**Task goal**
Drop the pictures, then extract the listing word for word.

═════ Data shown ═════

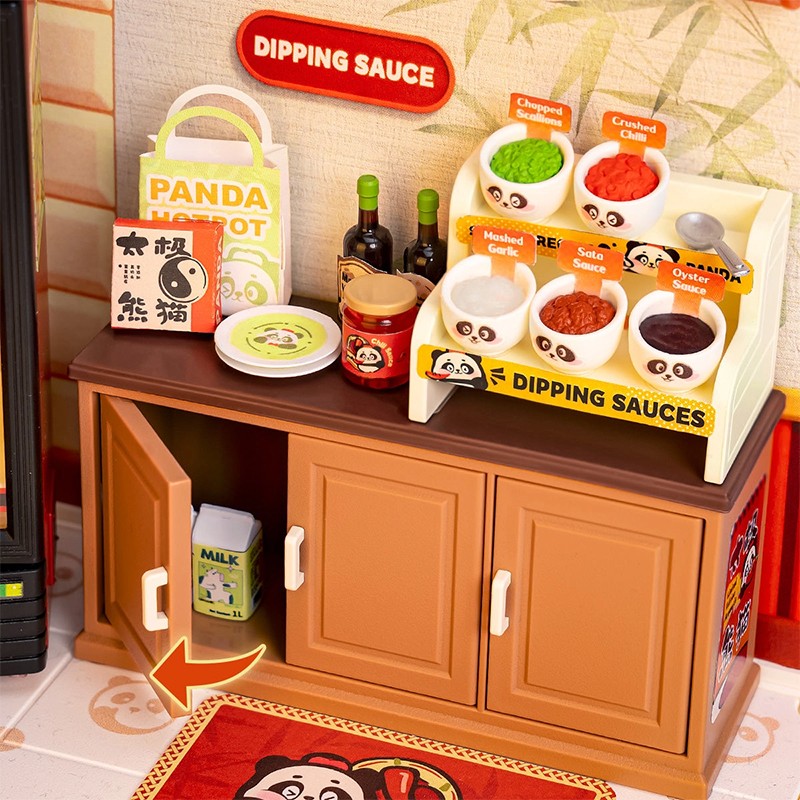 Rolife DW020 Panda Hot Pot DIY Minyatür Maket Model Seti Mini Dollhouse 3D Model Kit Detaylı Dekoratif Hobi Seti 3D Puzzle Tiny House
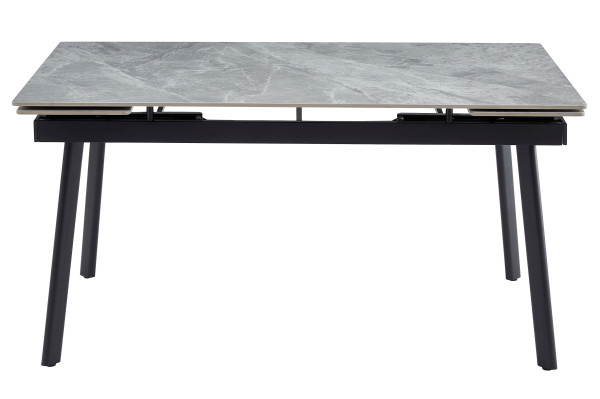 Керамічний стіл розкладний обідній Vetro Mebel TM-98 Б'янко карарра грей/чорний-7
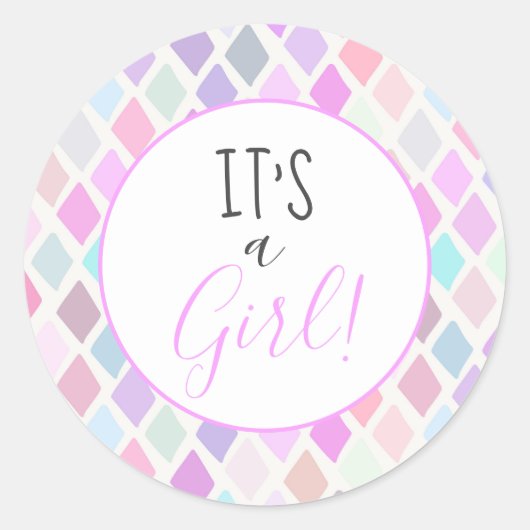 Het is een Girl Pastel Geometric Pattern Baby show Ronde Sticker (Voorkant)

═════

**Solution**
 Rolife DW020 Panda Hot Pot DIY Minyatür Maket Model Seti Mini Dollhouse 3D Model Kit Detaylı Dekoratif Hobi Seti 3D Puzzle Tiny House
 Керамічний стіл розкладний обідній Vetro Mebel TM-98 Б'янко карарра грей/чорний-7
 Het is een Girl Pastel Geometric Pattern Baby show Ronde Sticker (Voorkant)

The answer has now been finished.